● RECORD EXTRACTS
=== Begin Enclosure ===
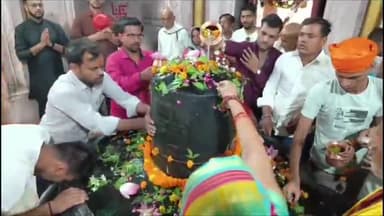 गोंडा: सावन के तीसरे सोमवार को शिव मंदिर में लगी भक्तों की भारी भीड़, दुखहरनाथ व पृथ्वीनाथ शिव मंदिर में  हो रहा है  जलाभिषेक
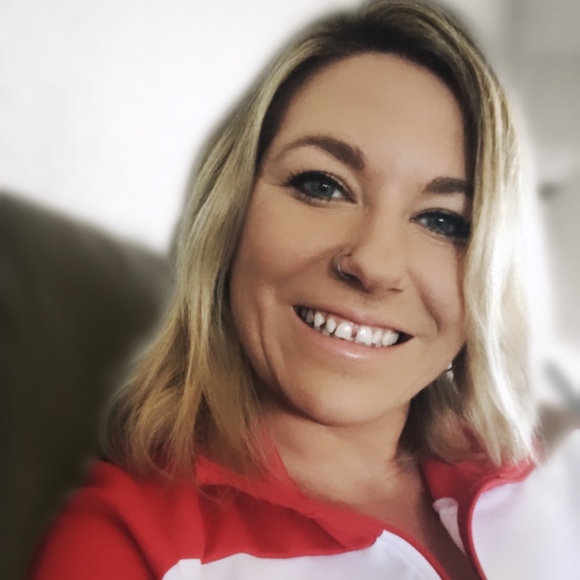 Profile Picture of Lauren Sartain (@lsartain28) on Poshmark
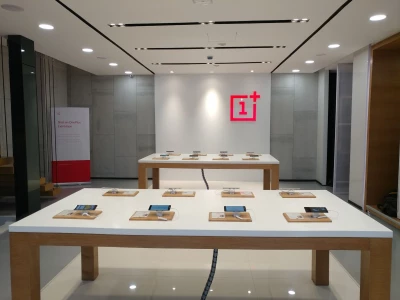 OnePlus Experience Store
=== End Enclosure ===
=== Begin Enclosure ===
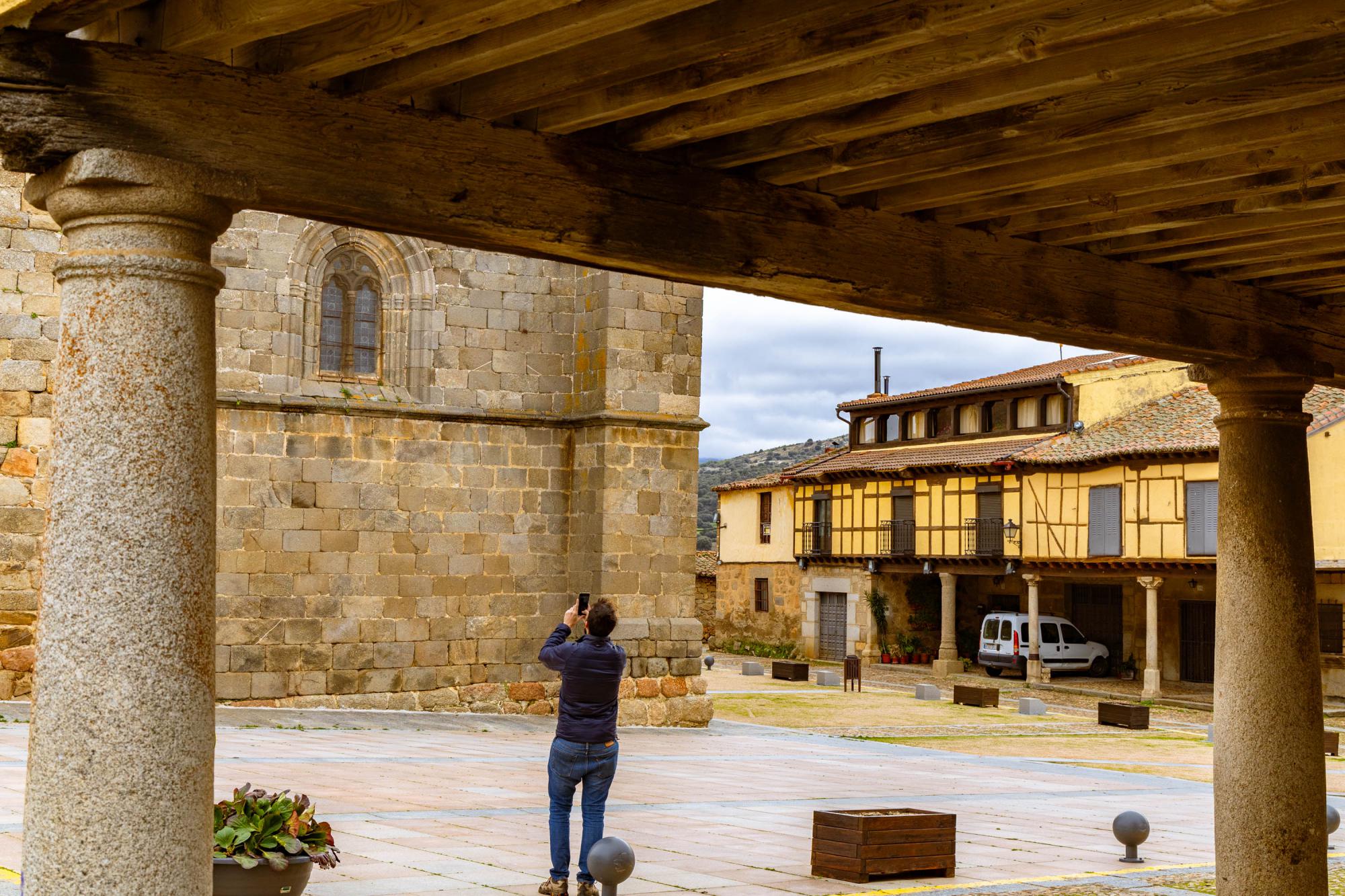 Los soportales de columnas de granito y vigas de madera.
=== End Enclosure ===
● WORK ORDER
Using the entries above, extract exactly the lines from the one that contains "गोंडा: सावन के" through the one that contains "OnePlus Experience Store". Do not carry over any pictures.

● ANSWER SPACE
 गोंडा: सावन के तीसरे सोमवार को शिव मंदिर में लगी भक्तों की भारी भीड़, दुखहरनाथ व पृथ्वीनाथ शिव मंदिर में  हो रहा है  जलाभिषेक
 Profile Picture of Lauren Sartain (@lsartain28) on Poshmark
 OnePlus Experience Store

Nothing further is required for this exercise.